9. The method of claim 8, wherein the bit rate is controlled by
adjusting a common gain.
10. The method of claim 8, wherein the quantization energy of the
quantized MDCT coefficient is controlled by adjusting the scale
factor band gain.
11. The method of claim 6, wherein in the attenuating of the
quantization noise in the selected frequency bands, a scale factor
is adjusted in a predetermined number of frequency bands according
to a ranking of noise-to-mask ratios of scale factor band gains of
the predetermined number of frequency bands in which the
quantization noise of the quantized MDCT coefficient is greater
than the quantization noise threshold of one of the predetermined
number of frequency bands in the psychoacoustic model.
12. An apparatus for adjusting a quantization noise distribution,
comprising: a quantization noise calculator that calculates a total
quantization noise of a quantized MDCT coefficient and a sum of
quantization noise thresholds calculated in a psychoacoustic model;
a noise attenuation algorithm selector that compares the total
quantization noise of the quantized MDCT coefficient with the sum
of the quantization noise thresholds to determine whether a
quantization noise attenuation is performed in a plurality of
frequency bands or in selected frequency bands of the plurality of
frequency bands; a quantization noise attenuator that attenuates
quantization noise of the plurality of frequency bands; and a band
selective quantization noise attenuator that attenuates
quantization noise in the selected frequency bands.
13. The apparatus of claim 12, wherein the quantization noise
attenuator calculates a number of bits corresponding to a
predetermined bit rate determined for compression of an audio
signal, sets the number of bits with the adjustment of a common
gain until a number of bits smaller than the calculated number of
bits are used for coding, and adjusts a scale factor band gain to
adjust a degree to which quantization noise is attenuated in the
plurality of frequency bands.
14. The apparatus of claim 12, wherein the band selective
quantization noise attenuator adjusts a scale factor in a
predetermined number of frequency bands of the plurality of
frequency bands according to a ranking of noise-to-mask ratios of
scale factor band gains of the predetermined number of frequency
bands in which the quantization noise of the quantized MDCT
coefficient is greater than the quantization noise threshold in the
psychoacoustic model.
15. A computer-readable recording medium for recording a computer
program code for enabling a computer to provide a service of
executing a quantization noise distribution adjustment method, the
service comprising the steps of receiving a predetermined
quantization noise threshold allowed during a quantization of
sampled audio data and quantization noise energy information of
quantized MDCT coefficients of a plurality of frequency bands of an
audio frequency range and attenuating quantization noise energy of
quantized MDCT coefficients of a predetermined number of the
plurality of frequency bands, wherein differences between the
predetermined quantization noise threshold and the quantization
noise energy of the quantized MDCT coefficients are relatively
large.
16. The method of claim 1, wherein the differences are first
differences which are relatively larger than second differences
between the predetermined quantization noise threshold and the
quantization noise energies of the quantized MDCT coefficients not
in the predetermined number of frequency bands.
17. The computer-readable recording medium of claim 15, wherein the
differences are first differences which are relatively larger than
second differences between the predetermined quantization noise
threshold and the quantization noise energies of the quantized MDCT
coefficients not in the predetermined number of frequency bands.
Description
BACKGROUND OF THE INVENTION
[0001] This application claims the priority of Korean Patent
Application No. 2003-2718, filed on Jan. 15, 2003, in the Korean
Intellectual Property Office, the disclosure of which is
incorporated herein in its entirety by reference.
[0002] 1. Field of the Invention
[0003] The present invention relates to compression of audio data,
and more particularly, to a method and apparatus for shaping
quantization noise generated when compressing audio data at a low
bit rate.
[0004] 2. Description of the Related Art
[0005] Compression of audio data is achieved by performing
sampling, quantizing, encoding, and so forth.
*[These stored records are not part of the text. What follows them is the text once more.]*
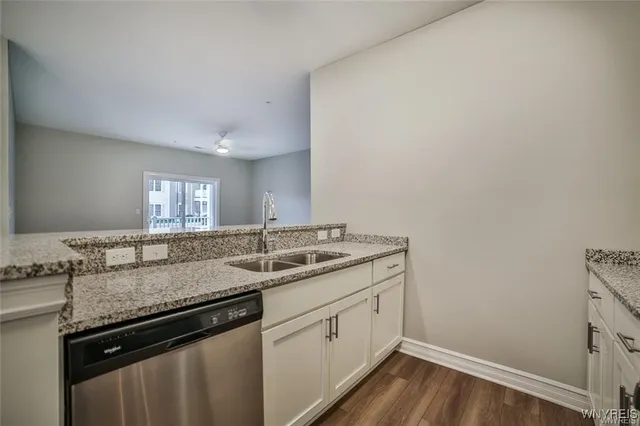 $2,575 | 275 Northill Drive, Unit D, Amherst, NY 14221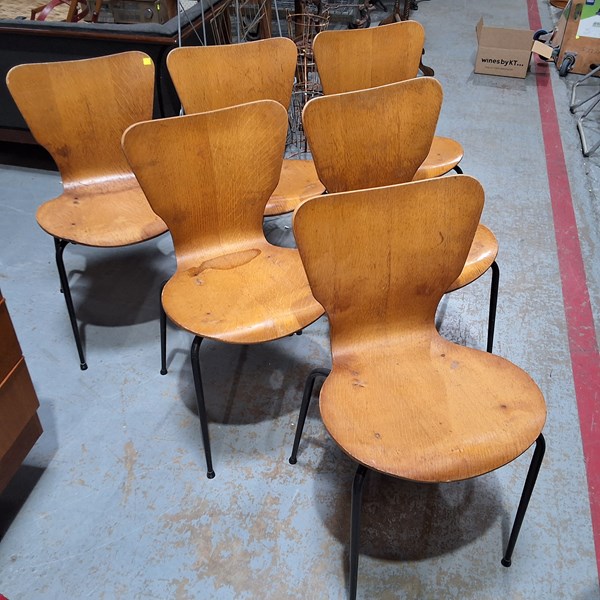Lot 437 - STACKABLE CHAIRS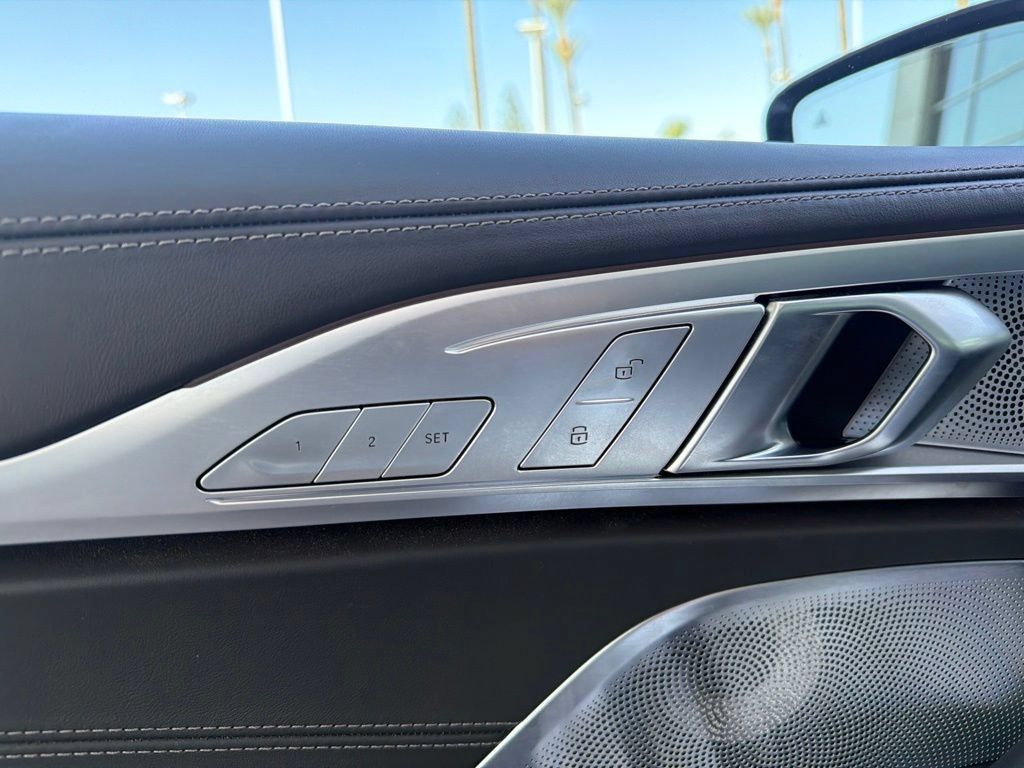 Used 2023 BMW ALPINA B8 xDrive Gran Coupe AWD/4WD image 7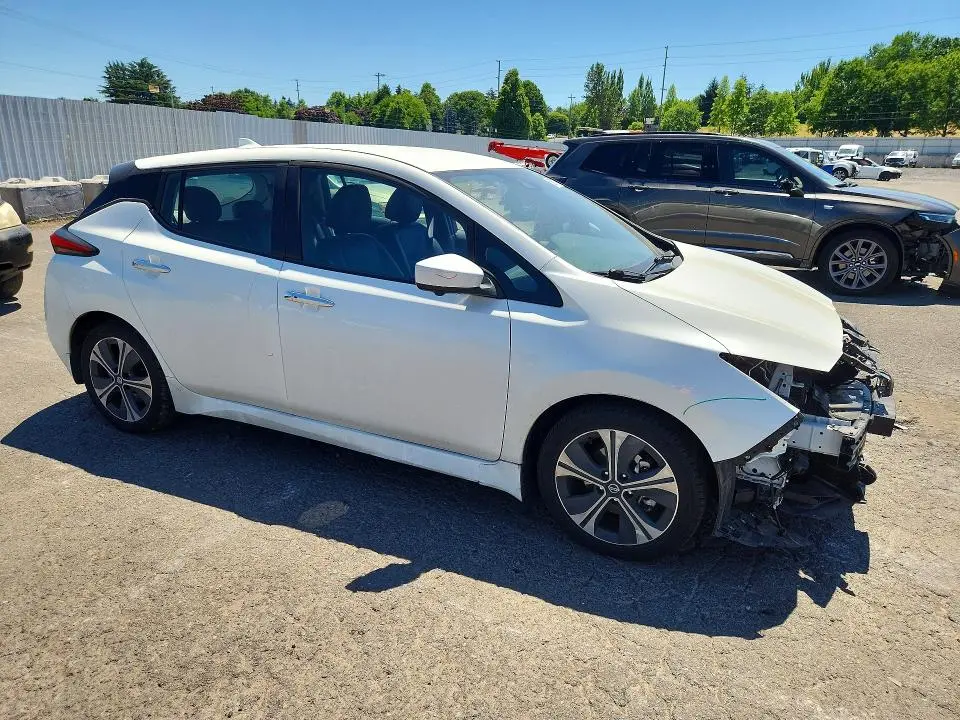2020 NISSAN LEAF SV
Quantization refers
to expressing sampled signal values as stepped integers to
represent the sampled values as predetermined representative
values. Such a quantization process generates quantization noise.
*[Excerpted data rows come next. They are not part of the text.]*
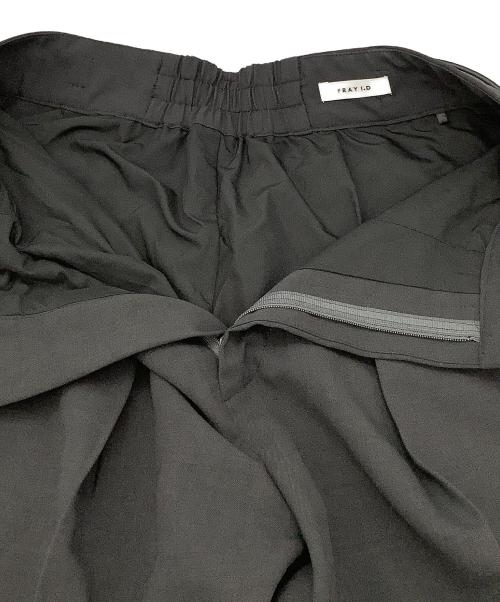 FRAY ID（フレイ アイディー）FRAY ID (フレイ アイディー) パンツ レザーベルテッドワイドストレートパンツ ブラック サイズ:1の古着・服飾アイテム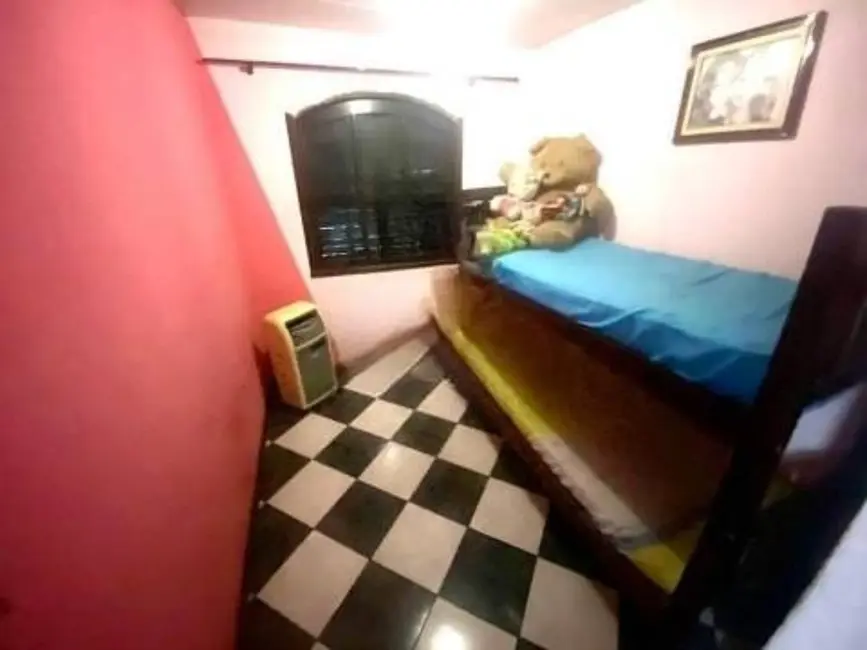 Casa com 4 quartos à venda, 115m2 em Vila Menck, Osasco - SP - imagem 5 Foto 5 de Casa com 4 quartos à venda, 115m2 em Vila Menck, Osasco - SP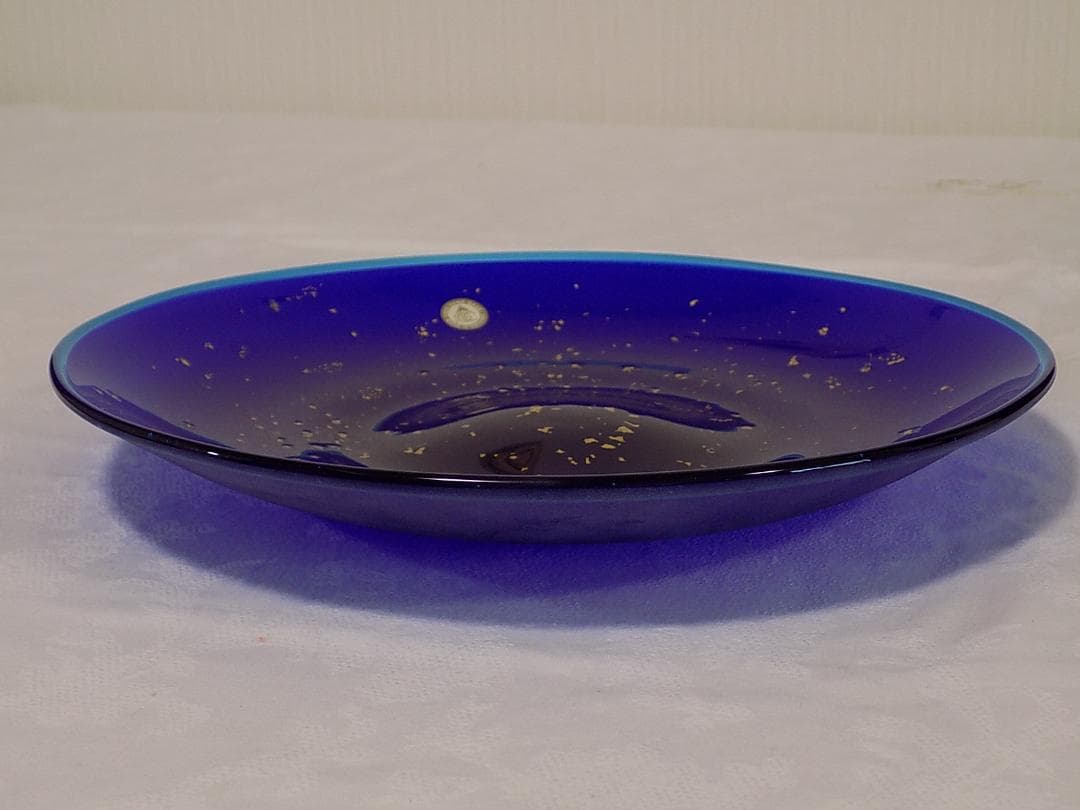 琉球ガラス 末吉清一 金箔　中皿　盛皿　直径２６　新品未使用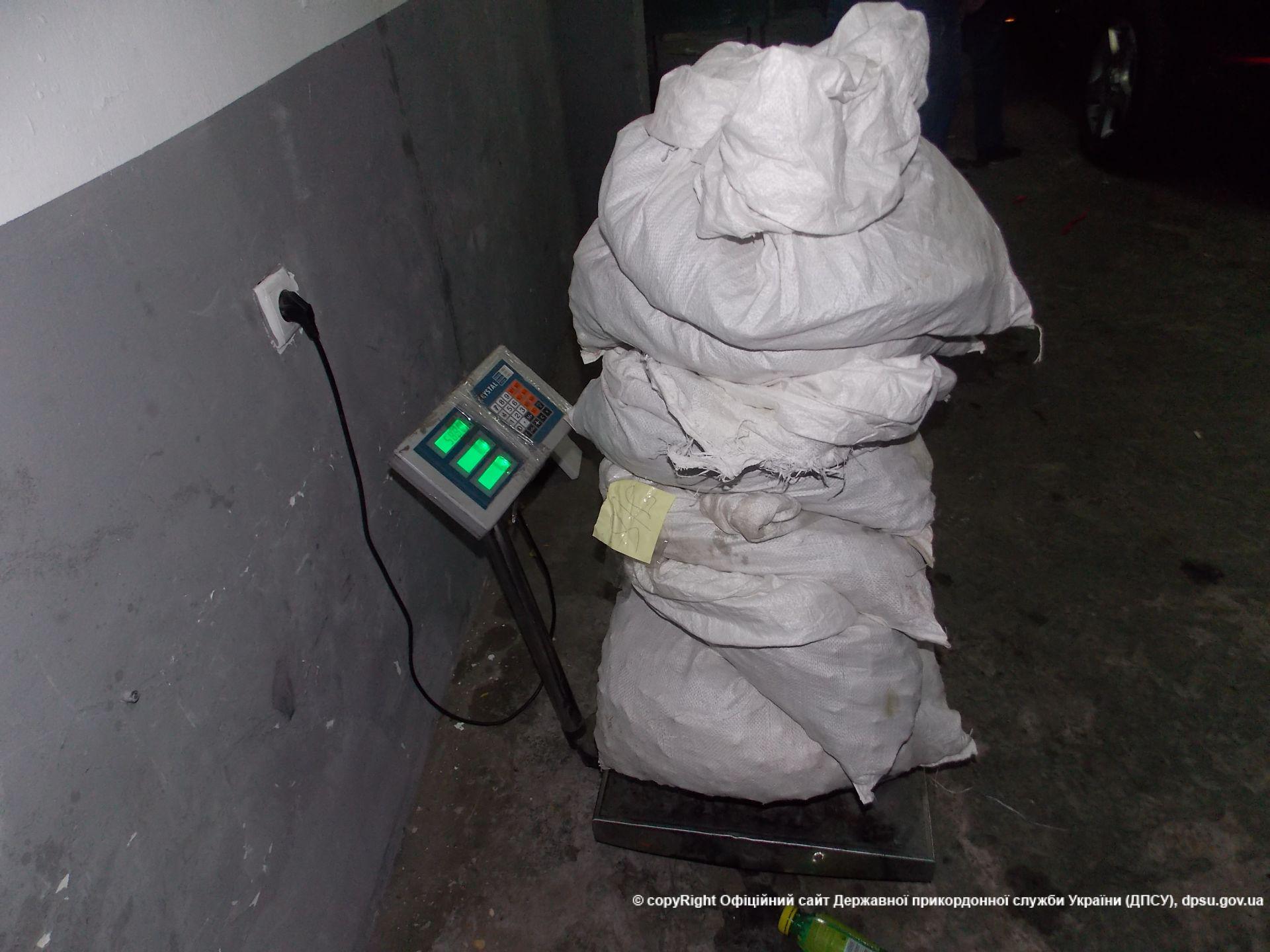 У Львівській області з України намагалися вивезти 150 кілограмів бурштину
The quantization noise is an error component between an original
signal and a quantized signal and is attenuated with an increase in
a number of bits used for the quantization process. In quantization
according to the Moving Picture Experts Group (MPEG), which are
standards for coded representation of moving pictures and digital
audio, a factor generated by a Discrete Cosine Transform (DCT) or a
Modified DCT (MDCT) is divided by a predetermined value to express
the factor as a low factor value so as to reduce an encoding
amount.
[0006] Audio data should be compressed in consideration of the
properties of the human auditory system. In general, one sound
cannot be heard when a much louder sound is present. For example,
if a person in an office speaks loudly, the others in the office
can easily perceive who is speaking. However, if an airplane passes
over the office building, the listeners cannot hear at all what the
speaker is saying. In addition, after the airplane passed over the
building, the listeners still cannot hear what the speaker is
saying due to the lingering sound of the airplane. This is called a
masking effect.
[0007] FIG. 1 illustrates the masking effect. Referring to FIG. 1,
let us assume that an audio frequency contains a masking curve 130
indicating a sound energy level at which the average human can hear
a sound. Since an audio signal A 110 has a sound energy level above
the masking curve 130, the audio signal A 110 is audible to the
average human. In contrast, since an audio signal B 120 has a sound
energy level below the masking curve 130, the audio signal B 120 is
inaudible to the average human.
[0008] Psychoacoustic model quantization refers to the quanitzation
of only audio data with a sound energy level above a masking
threshold by sectioning an audio frequency into frequency bands at
predetermined intervals. The psychoacoustic model quantization is
used in compression standards such as MPEG. However, in a case
where audio data is compressed at a low bit rate below 64 Kbps, a
number of bits used for quantization is limited. Thus, a general
compression technique according to MPEG standards is not suitable
for an effective compression of an audio signal.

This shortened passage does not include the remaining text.